Short descriptive text snippets
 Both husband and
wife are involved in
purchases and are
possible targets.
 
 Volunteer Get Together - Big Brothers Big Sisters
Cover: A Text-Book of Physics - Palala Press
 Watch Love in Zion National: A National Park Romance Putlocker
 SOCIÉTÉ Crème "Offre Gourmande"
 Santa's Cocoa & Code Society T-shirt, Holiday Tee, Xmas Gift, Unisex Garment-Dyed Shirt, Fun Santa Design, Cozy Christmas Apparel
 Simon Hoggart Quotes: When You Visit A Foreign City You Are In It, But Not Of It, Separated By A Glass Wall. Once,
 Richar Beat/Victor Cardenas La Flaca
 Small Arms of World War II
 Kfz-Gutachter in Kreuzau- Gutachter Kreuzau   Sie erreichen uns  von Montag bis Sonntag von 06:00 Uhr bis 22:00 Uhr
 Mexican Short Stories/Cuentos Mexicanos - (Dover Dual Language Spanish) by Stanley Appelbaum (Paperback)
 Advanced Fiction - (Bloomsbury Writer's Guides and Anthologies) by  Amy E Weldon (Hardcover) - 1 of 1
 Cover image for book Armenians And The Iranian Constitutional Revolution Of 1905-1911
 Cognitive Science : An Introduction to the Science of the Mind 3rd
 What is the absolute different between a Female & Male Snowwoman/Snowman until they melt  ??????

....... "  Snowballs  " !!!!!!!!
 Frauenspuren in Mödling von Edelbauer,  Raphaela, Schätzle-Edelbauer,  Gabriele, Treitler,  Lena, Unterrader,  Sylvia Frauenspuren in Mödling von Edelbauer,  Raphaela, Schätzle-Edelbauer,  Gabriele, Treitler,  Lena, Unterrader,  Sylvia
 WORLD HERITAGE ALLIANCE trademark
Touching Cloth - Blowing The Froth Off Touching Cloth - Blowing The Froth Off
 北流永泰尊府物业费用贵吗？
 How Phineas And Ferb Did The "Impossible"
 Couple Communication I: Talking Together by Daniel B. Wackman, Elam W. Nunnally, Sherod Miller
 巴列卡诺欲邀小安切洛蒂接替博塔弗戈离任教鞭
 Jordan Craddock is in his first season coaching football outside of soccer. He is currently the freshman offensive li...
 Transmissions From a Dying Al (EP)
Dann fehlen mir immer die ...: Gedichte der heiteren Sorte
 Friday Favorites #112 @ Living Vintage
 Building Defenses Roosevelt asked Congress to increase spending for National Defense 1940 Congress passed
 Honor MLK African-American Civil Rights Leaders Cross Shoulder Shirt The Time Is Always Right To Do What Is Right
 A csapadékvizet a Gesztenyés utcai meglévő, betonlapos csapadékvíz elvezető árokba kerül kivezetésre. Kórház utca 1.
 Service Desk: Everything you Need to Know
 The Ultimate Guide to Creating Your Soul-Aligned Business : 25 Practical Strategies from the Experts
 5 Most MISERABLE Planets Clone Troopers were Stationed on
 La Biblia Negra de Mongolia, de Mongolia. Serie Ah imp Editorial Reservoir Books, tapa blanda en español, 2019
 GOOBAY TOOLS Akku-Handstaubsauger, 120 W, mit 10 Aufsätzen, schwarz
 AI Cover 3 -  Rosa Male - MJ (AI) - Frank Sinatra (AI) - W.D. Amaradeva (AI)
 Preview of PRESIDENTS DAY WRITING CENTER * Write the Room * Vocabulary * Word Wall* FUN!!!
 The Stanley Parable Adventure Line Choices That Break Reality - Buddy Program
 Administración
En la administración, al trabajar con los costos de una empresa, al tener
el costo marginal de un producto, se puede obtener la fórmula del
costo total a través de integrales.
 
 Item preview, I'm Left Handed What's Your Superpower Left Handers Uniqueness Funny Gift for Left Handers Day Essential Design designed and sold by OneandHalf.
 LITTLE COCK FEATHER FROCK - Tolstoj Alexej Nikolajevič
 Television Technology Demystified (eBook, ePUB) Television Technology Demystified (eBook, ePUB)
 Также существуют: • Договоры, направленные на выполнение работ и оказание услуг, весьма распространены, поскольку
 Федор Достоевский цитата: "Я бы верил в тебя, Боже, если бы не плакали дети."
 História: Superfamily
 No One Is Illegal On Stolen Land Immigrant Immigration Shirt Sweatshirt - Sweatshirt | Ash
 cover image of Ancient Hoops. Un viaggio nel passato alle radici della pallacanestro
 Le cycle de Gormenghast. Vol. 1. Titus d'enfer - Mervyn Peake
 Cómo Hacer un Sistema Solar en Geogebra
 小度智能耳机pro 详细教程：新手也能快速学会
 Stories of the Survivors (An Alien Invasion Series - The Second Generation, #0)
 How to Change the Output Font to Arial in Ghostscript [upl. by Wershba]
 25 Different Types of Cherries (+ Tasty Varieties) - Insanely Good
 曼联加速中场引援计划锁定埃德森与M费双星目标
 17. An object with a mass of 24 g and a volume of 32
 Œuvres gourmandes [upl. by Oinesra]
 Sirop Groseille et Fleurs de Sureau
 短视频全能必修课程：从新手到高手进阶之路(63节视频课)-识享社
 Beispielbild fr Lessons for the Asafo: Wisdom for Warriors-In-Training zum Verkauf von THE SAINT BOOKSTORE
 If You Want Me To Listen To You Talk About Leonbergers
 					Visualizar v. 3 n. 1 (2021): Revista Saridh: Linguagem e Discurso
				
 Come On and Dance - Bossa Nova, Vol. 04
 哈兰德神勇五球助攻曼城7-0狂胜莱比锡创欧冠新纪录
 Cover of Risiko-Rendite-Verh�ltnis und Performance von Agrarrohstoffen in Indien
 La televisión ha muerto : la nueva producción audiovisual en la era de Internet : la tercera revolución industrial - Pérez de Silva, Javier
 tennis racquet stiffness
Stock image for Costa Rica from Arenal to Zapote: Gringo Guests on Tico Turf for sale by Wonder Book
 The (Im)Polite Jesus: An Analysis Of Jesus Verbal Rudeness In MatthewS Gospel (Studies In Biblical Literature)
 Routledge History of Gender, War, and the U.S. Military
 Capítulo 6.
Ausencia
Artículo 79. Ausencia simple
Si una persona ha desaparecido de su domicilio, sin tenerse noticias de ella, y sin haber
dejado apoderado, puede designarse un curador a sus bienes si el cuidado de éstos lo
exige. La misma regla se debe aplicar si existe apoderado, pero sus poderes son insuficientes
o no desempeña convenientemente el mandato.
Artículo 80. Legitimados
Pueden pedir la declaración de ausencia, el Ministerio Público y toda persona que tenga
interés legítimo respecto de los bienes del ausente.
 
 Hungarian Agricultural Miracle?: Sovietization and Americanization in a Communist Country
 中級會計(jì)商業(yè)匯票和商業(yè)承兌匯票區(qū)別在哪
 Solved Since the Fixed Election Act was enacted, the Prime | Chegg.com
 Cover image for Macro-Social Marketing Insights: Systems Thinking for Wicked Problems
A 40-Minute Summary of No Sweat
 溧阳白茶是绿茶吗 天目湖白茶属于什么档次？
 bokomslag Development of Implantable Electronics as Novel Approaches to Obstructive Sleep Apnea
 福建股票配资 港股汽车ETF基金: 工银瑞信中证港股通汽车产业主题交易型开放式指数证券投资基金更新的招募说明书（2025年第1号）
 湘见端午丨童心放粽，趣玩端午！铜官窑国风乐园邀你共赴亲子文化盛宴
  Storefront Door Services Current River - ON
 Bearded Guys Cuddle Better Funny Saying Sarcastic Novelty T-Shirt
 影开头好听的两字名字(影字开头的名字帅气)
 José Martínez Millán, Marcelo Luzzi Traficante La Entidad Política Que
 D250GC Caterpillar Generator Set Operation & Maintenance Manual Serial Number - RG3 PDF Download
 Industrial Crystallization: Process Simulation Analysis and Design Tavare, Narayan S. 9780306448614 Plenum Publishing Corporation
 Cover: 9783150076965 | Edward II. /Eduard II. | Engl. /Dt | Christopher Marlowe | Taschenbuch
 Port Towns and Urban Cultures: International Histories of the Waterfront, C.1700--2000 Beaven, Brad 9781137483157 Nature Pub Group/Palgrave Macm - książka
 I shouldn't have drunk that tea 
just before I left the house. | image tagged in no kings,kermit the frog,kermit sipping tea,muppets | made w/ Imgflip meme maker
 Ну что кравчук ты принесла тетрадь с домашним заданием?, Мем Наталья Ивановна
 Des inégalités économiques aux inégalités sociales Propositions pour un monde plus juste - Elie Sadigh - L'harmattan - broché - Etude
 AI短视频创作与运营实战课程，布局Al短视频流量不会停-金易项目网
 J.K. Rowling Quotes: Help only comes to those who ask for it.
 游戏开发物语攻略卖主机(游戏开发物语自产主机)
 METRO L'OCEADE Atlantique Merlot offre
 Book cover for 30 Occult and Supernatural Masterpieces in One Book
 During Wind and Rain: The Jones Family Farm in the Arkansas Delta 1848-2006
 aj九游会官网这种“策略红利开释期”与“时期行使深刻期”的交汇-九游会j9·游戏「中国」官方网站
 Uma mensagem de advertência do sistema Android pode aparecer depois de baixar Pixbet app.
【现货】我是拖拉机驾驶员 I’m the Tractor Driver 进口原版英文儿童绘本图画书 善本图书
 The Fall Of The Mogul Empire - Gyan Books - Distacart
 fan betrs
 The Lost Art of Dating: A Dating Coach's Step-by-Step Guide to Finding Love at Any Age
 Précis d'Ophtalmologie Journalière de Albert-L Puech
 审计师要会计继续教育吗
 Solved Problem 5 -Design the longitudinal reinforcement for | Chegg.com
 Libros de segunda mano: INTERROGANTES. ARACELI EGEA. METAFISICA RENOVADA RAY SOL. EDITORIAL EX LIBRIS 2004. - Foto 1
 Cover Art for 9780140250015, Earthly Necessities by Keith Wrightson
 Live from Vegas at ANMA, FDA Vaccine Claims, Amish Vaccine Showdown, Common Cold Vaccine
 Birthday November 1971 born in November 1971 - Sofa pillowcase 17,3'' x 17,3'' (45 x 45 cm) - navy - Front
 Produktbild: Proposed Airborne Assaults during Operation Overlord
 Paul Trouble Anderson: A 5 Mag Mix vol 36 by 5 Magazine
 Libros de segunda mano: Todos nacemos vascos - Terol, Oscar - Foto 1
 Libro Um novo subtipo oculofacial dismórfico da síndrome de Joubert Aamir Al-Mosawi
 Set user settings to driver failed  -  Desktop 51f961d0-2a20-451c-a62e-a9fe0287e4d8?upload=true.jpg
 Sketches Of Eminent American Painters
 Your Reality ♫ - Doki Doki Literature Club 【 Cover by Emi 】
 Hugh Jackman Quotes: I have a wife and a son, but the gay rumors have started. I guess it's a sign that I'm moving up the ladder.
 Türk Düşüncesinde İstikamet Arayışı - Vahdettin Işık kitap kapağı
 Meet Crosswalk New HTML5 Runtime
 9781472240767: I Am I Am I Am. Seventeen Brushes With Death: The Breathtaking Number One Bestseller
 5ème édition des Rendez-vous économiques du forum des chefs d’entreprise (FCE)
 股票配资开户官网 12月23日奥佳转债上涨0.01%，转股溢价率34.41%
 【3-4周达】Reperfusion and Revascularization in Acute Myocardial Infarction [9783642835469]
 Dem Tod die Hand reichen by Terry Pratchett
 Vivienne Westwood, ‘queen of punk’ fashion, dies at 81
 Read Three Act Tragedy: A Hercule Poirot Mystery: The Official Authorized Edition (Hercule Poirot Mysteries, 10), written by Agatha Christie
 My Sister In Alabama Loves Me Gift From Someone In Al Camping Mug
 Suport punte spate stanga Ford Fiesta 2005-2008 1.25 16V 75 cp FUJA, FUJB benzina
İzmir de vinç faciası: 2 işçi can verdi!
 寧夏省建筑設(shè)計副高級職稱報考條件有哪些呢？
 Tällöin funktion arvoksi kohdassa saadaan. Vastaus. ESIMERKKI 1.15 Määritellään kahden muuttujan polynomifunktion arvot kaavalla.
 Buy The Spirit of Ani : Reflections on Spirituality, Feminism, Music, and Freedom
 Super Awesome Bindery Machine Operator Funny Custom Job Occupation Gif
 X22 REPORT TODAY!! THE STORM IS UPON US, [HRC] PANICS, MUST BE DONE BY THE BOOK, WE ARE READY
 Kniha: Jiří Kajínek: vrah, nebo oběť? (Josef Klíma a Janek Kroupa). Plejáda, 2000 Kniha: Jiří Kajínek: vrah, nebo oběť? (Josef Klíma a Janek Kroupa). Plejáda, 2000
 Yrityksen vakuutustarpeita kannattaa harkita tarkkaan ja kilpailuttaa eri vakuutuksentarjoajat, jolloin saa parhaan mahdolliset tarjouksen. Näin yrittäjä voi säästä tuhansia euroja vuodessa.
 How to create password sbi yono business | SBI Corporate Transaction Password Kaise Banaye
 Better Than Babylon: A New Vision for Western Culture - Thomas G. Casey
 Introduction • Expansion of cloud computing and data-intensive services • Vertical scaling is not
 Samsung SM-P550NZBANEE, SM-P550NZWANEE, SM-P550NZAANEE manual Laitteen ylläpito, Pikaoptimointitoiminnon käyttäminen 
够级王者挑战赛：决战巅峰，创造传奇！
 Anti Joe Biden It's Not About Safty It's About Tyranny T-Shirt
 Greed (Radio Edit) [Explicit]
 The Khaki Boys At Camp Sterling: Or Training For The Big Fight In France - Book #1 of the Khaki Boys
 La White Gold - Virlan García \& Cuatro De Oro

> _What the task asks_
Where a line of the records includes "Libros", copy it.

> _The completed task_
 Libros de segunda mano: INTERROGANTES. ARACELI EGEA. METAFISICA RENOVADA RAY SOL. EDITORIAL EX LIBRIS 2004. - Foto 1
 Libros de segunda mano: Todos nacemos vascos - Terol, Oscar - Foto 1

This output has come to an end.